- [Task prompt]:
Retype only the stretch of lines that starts with the line containing "Sbicca vintage collection" and ends with the last line of the records, both included, exactly.

- [Data provided]:
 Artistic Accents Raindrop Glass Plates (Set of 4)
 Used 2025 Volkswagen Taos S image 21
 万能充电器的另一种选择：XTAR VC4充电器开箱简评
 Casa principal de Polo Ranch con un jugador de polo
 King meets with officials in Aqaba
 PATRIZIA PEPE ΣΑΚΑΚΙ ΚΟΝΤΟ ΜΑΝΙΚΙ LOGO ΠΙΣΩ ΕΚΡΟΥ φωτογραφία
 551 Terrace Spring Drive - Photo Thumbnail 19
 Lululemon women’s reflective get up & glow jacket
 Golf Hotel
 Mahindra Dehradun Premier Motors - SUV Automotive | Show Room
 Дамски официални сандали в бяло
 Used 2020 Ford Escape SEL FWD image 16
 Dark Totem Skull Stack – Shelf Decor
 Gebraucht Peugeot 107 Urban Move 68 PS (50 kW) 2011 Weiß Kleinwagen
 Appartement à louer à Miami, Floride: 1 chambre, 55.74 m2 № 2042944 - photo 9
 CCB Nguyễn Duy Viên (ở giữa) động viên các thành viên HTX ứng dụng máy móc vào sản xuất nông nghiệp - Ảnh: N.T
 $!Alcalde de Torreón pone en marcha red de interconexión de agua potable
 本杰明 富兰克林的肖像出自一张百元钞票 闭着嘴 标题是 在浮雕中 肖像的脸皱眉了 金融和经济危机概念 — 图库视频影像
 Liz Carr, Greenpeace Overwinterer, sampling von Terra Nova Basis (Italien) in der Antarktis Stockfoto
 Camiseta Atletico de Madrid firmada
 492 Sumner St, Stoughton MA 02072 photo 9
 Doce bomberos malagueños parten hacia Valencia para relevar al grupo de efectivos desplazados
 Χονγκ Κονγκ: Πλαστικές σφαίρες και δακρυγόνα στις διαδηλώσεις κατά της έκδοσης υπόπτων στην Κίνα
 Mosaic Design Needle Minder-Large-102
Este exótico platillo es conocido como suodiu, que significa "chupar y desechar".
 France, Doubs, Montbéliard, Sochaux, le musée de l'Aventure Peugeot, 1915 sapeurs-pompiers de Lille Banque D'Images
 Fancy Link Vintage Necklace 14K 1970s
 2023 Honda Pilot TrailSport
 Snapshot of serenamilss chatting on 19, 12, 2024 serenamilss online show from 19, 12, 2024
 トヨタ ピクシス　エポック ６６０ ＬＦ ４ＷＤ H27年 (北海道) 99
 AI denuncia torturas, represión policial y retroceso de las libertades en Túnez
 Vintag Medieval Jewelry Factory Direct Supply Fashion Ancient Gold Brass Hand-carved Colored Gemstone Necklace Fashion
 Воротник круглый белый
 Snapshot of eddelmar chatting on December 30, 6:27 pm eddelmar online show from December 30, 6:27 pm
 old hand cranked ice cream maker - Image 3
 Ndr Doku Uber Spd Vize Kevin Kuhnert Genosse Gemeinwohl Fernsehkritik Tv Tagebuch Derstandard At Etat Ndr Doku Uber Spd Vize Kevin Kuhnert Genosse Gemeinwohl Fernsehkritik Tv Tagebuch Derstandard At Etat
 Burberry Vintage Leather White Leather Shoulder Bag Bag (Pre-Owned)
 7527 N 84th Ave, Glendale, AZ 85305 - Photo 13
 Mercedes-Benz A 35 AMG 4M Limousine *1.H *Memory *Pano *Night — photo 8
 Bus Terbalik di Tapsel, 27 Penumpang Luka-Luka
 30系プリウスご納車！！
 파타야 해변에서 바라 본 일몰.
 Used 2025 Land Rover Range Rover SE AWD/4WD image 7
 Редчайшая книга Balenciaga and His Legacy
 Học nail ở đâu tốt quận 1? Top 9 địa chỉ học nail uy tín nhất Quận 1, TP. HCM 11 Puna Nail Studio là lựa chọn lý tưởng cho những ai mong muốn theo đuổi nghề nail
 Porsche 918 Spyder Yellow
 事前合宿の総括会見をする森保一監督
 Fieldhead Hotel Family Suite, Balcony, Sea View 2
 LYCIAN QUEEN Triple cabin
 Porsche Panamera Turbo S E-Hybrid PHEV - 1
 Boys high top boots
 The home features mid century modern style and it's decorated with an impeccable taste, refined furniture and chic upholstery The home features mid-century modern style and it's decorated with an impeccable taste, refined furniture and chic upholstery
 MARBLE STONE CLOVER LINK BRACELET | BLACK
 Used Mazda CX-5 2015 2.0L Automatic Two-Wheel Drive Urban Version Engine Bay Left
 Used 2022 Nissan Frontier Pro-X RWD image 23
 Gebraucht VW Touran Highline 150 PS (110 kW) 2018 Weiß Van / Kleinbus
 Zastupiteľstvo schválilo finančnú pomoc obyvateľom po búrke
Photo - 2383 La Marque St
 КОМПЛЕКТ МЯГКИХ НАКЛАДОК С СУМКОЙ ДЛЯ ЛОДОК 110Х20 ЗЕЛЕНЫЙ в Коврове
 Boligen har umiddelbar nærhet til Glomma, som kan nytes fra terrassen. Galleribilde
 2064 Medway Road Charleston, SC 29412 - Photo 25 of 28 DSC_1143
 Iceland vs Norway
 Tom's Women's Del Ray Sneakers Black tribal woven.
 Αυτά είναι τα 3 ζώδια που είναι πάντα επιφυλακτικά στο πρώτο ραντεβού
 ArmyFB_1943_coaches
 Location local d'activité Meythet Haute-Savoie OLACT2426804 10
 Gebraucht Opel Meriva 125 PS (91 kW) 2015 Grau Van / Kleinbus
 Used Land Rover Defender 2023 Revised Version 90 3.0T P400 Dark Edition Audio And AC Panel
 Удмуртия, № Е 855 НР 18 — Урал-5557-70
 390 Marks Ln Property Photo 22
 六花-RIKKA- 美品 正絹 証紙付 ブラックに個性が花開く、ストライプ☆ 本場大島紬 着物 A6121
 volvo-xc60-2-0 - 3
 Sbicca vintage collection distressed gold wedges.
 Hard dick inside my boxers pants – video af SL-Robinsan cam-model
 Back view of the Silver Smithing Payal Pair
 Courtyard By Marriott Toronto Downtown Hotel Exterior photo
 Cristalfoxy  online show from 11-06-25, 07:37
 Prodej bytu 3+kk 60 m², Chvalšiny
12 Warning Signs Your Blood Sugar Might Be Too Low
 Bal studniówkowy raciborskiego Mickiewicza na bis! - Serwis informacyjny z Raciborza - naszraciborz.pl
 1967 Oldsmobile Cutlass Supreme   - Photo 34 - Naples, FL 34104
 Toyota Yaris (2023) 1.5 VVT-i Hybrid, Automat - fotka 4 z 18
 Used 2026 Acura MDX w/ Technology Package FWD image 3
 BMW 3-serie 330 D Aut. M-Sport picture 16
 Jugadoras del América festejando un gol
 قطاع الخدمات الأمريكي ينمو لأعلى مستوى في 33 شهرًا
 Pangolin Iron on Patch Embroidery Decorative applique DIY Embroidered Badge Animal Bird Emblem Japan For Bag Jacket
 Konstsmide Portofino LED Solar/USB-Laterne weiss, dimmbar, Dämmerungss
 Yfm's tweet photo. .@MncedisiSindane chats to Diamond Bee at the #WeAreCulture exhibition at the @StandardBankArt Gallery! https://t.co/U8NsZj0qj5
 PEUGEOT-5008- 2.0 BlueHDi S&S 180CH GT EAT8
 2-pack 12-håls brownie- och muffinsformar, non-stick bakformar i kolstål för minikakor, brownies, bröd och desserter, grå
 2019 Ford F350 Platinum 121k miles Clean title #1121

- [Solution to this task]:
 Sbicca vintage collection distressed gold wedges.
 Hard dick inside my boxers pants – video af SL-Robinsan cam-model
 Back view of the Silver Smithing Payal Pair
 Courtyard By Marriott Toronto Downtown Hotel Exterior photo
 Cristalfoxy  online show from 11-06-25, 07:37
 Prodej bytu 3+kk 60 m², Chvalšiny
12 Warning Signs Your Blood Sugar Might Be Too Low
 Bal studniówkowy raciborskiego Mickiewicza na bis! - Serwis informacyjny z Raciborza - naszraciborz.pl
 1967 Oldsmobile Cutlass Supreme   - Photo 34 - Naples, FL 34104
 Toyota Yaris (2023) 1.5 VVT-i Hybrid, Automat - fotka 4 z 18
 Used 2026 Acura MDX w/ Technology Package FWD image 3
 BMW 3-serie 330 D Aut. M-Sport picture 16
 Jugadoras del América festejando un gol
 قطاع الخدمات الأمريكي ينمو لأعلى مستوى في 33 شهرًا
 Pangolin Iron on Patch Embroidery Decorative applique DIY Embroidered Badge Animal Bird Emblem Japan For Bag Jacket
 Konstsmide Portofino LED Solar/USB-Laterne weiss, dimmbar, Dämmerungss
 Yfm's tweet photo. .@MncedisiSindane chats to Diamond Bee at the #WeAreCulture exhibition at the @StandardBankArt Gallery! https://t.co/U8NsZj0qj5
 PEUGEOT-5008- 2.0 BlueHDi S&S 180CH GT EAT8
 2-pack 12-håls brownie- och muffinsformar, non-stick bakformar i kolstål för minikakor, brownies, bröd och desserter, grå
 2019 Ford F350 Platinum 121k miles Clean title #1121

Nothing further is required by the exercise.